Interviewed in Buzzfeed, SINTEF researcher Antoine Pultier suggested this was more a case of app makers not thinking through what they were doing:
The HIV status is linked to all the other information. That’s the main issue. I think this is the incompetence of some developers that just send everything, including HIV status.
In response, Grindr has reportedly decided to stop working with both Apptimize and Localytics.
Sensitive data such as HIV status was always encrypted during transfer, and no personally identifiable data was shared with advertisers, the company announced.
But in other comments, its CEO Bryce Case struck a more defiant tone, saying what had happened was “unfair” to Grindr and that the company had been “singled out.”
In his mind there is a distinction to be drawn between Grindr’s data transfers and the sort of relationship that exists between, say, Facebook and Cambridge Analytica:
It’s conflating an issue and trying to put us in the same camp where we really don’t belong.
In a limited but important sense, Case has a point: users are not compelled to share their HIV status on their Grindr profiles and when they do so this information becomes accessible in public to anyone viewing it.
As for advertisers, while they have access to some user data, this would not include HIV status.
However, it is not entirely true to say that Grindr is not like Facebook because in an important way it is.
Both are based on the idea that fuels much of the internet economy: users are invited to hand over commercially-valuable personal data without there being many rules governing how it might be processed, analysed or sold on.

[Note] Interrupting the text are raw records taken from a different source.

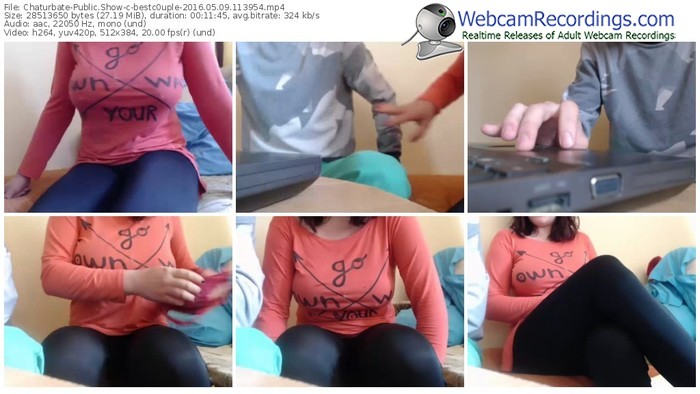 chaturbate-bestc0uple-webcam-show-05_09_2016-11_39_54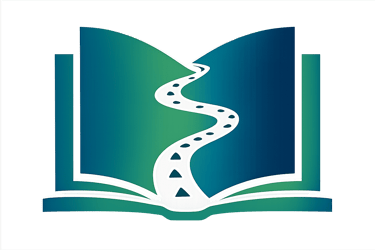 Clear Path Accounting logo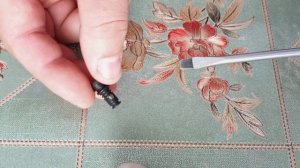 Мотоблок.Одна из причин плавающих оборотов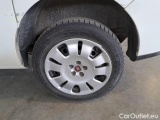  Fiat  Doblo FIAT ' 2010 1.6 MJET 16V 105CV DPF DYNAMI #82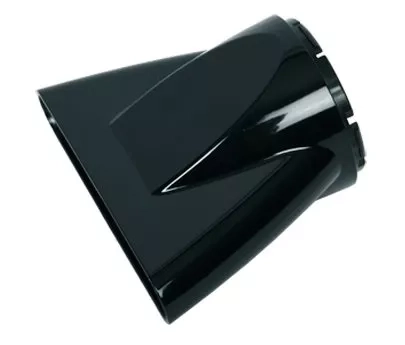 FS-9100035122.jpg
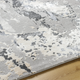 Livabliss Perception PCP-2315 Rug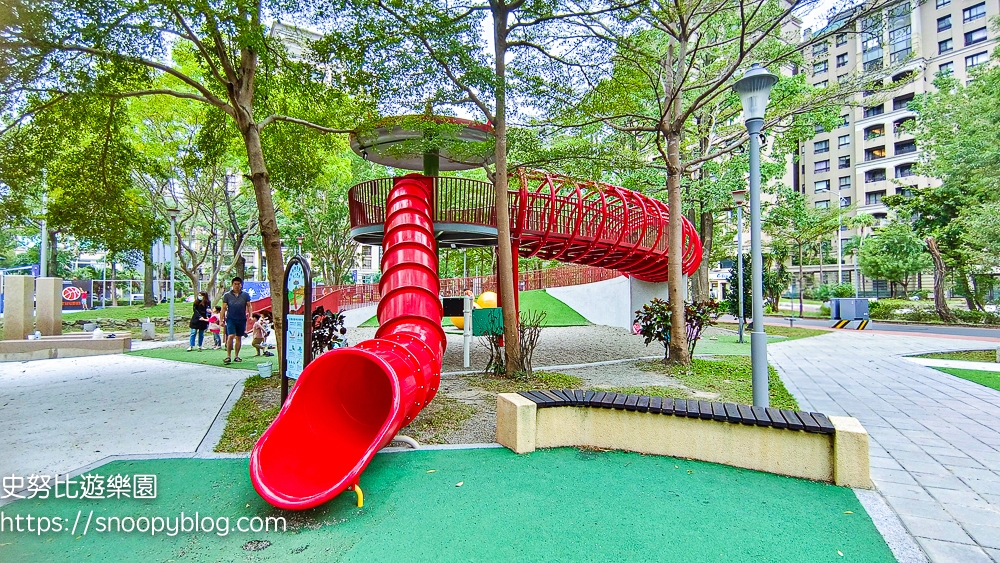 新竹特色公園,新竹親子景點,竹北親子景點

Users are told they are in control, that they choose what gets shared and what doesn’t. But when things go wrong, it tends to be whistleblowing, accident, or research effort that pulls back the cover to reveal another unexpected grey area. This is why people are shocked by Cambridge Analytica.
Users have numerous choices about their data but little visibility or understanding of its value or the risk it poses. Until that changes, Grindr’s bad week is unlikely to be the last one we hear about.